2018-02-20 03:02:16 UTC | DEBUG | dd.collector | config(config.py:1177) | Loaded disk
2018-02-20 03:02:16 UTC | DEBUG | dd.collector | config(config.py:1177) | Loaded network
2018-02-20 03:02:16 UTC | DEBUG | dd.collector | config(config.py:1177) | Loaded agent_metrics
2018-02-20 03:02:16 UTC | INFO | dd.collector | config(config.py:973) | Fetching service discovery check configurations.
2018-02-20 03:02:16 UTC | ERROR | dd.collector | utils.service_discovery.sd_docker_backend(sd_docker_backend.py:123) | kubelet client not initialized, cannot retrieve pod list.

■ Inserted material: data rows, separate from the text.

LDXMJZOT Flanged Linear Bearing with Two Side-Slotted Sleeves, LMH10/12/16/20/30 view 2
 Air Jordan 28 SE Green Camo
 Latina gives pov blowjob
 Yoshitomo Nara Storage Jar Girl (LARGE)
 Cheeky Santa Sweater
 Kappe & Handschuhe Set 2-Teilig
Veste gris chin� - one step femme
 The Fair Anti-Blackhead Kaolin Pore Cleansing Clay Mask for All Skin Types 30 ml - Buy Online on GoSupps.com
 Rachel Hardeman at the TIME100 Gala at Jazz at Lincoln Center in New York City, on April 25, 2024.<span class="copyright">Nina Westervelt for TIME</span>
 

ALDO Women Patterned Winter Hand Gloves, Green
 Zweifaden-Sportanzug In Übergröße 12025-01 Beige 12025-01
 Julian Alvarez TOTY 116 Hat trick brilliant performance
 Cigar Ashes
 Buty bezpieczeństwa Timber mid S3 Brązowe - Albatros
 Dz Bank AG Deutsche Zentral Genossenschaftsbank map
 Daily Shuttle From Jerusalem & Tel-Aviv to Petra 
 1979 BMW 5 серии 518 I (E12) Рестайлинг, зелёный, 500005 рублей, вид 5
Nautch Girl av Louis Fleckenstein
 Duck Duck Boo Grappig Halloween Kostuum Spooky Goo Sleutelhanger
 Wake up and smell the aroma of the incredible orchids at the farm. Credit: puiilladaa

Steps to reproduce the issue:

  1. Create a new cluster
  2. Deploy the dd-agent.yml as documented

Describe the results you received:

Infrastructure host info in Datadog console reports:

Datadog's kubernetes integration is reporting:
Instance #initialization[ERROR]:Exception('Unable to initialize Kubelet client. Try setting the host parameter. The Kubernetes check failed permanently.',)
antoinepouille commented 6 years ago

Hi,

Thanks for reaching out about this issue! It seems like we are already investigating this on one of our support tickets, so we will take back investigation and be coming back to you through this ticket.

Regards

poswald commented 6 years ago

Based on your documentation I'm trying to configure the certificates.

This error message is quite misleading because this seems to be the real error:

2018-02-20 03:02:16 UTC | ERROR | dd.collector | collector(kubeutil.py:209) | Failed to initialize kubelet connection. Will retry 0 time(s). Error: [SSL: CERTIFICATE_VERIFY_FAILED] certificate verify failed (_ssl.c:661)

But that's not the one you end up showing to the user.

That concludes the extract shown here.